*
*
Pertandingan baru saja akan dimuali ketika rombongan keluarga Nikolai tiba. Perhatian semua orang tentu saja tertuju kepada mereka. Terutama karena kehebohan yang tercipta setiap kali keluarga ini menghadiri acara sekolah, ataupun acara lainnya.
Penyebabnya apalagi jika bukan sinkembar Daryl dan Darren yang selalu membuat ulah dengan ke aktifan mereka berdua.
Dygta berhenti sebentar, lalu mundur dua langkah di belakang Arfan sambil menggandeng tangan Amara.
"Kenapa?" Arfan menoleh.
"Bisa nggak kalau kita nggak bareng mama sama papi?" bisik Dygta kepada Arfan.
"Memangnya kenapa!" Arfan mengerutkan dahi.
"Mereka selalu heboh, dan pasti akan selalu jadi pusat perhatian. aku nggak biasa."
Arfan terkekeh.
"Biasakanlah, Dygta.
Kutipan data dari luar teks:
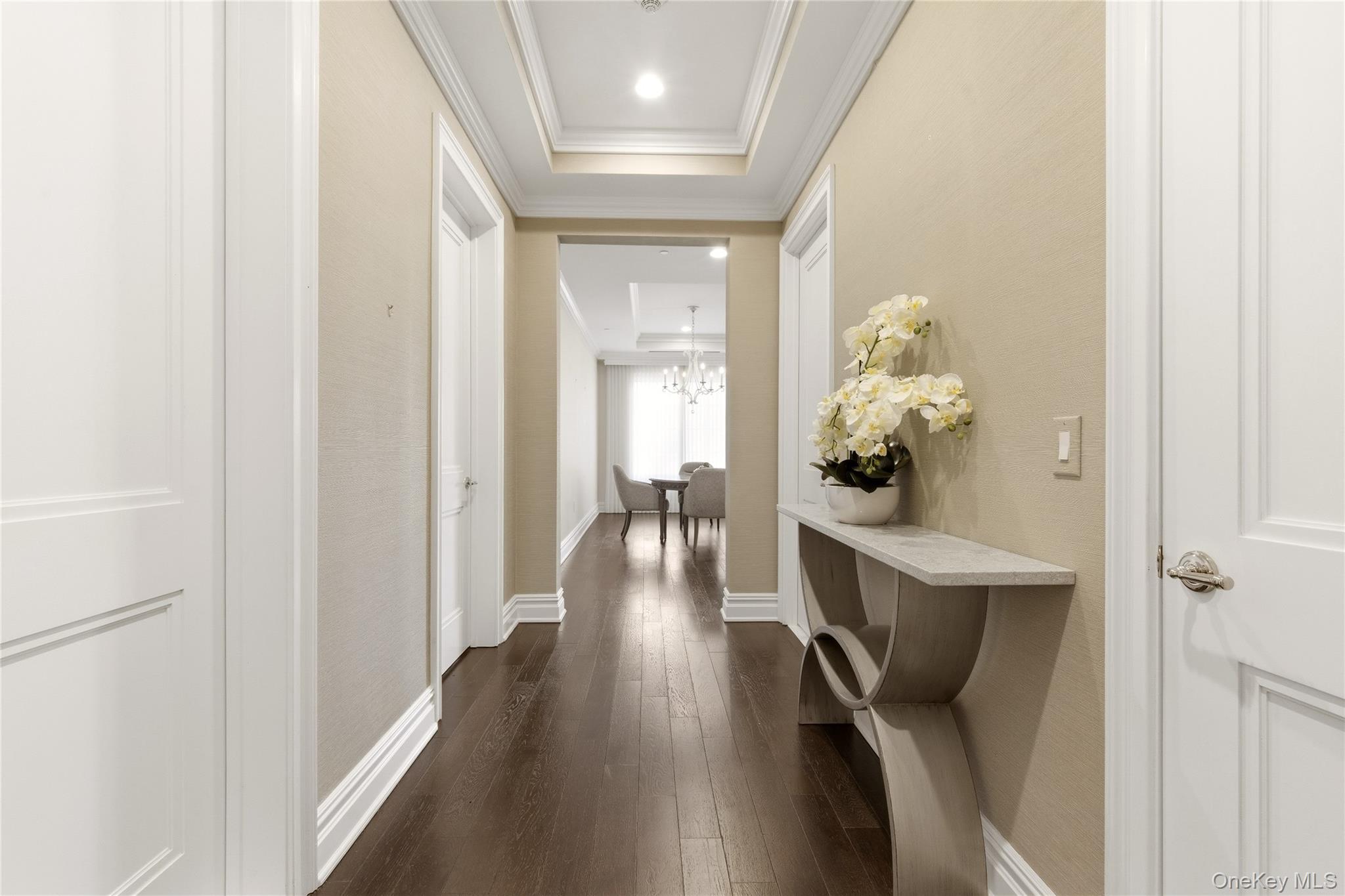 3000 Royal Court 3102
Papimu orang berpengaruh diantara orang-orang ini. Bukankah ini bagus untuk kamu?" ujar Arfan.
"Cih, bagus apanya? yang mereka lihat hanya papi punya kekuasaan, bukan karena menghargai kita."
"Setidaknya tidak akan ada yang menyepelekan kamu."
Dygta mencebik.
"Ayo!" Arfan meraih Amara untuk menggendongnya, kemudian menggenggam pergelangan tangan Dygta, lalu menariknya untuk mengejar kedua urang tua dan adiknya yang sudah terlebih dahulu mencapai bangku penonton.
"Apa yang ...." Dygta setengah berlari untuk mensejajari langkah pria tinggi yang kini tengah menggenggam tangannya.
Dimitri terlihat tengah melakukan pemanasan di pinggir lapangan, bersama dengan pemain lainnya. Anak laki-laki pertama Satria itu tampak menggemaskan dengan seragam sepak bola berwarna biru yang di kenakannya. Rambut coklat gelap nya yang sudah panjang tampak berkibar-kibar. Dia tampak mencolok diantara anak-anak lainnya. Tentu saja karena postur dan wajahnya yang berbeda dari anak seumurannya.
Dimitri Alexei Nikolai.
Anak tampan dengan mata gelap, rambut coklat gelap dengan kulit Kaukasia khas keturuna Eropa timur seperti ayahnya, Satria Nikolai Mahardika. Yang berpadu dengan keturunan eksotis berdarah Sunda dari Sofia Anna. Membuatnya tampak sempurna walau di usianya yang masih anak-anak.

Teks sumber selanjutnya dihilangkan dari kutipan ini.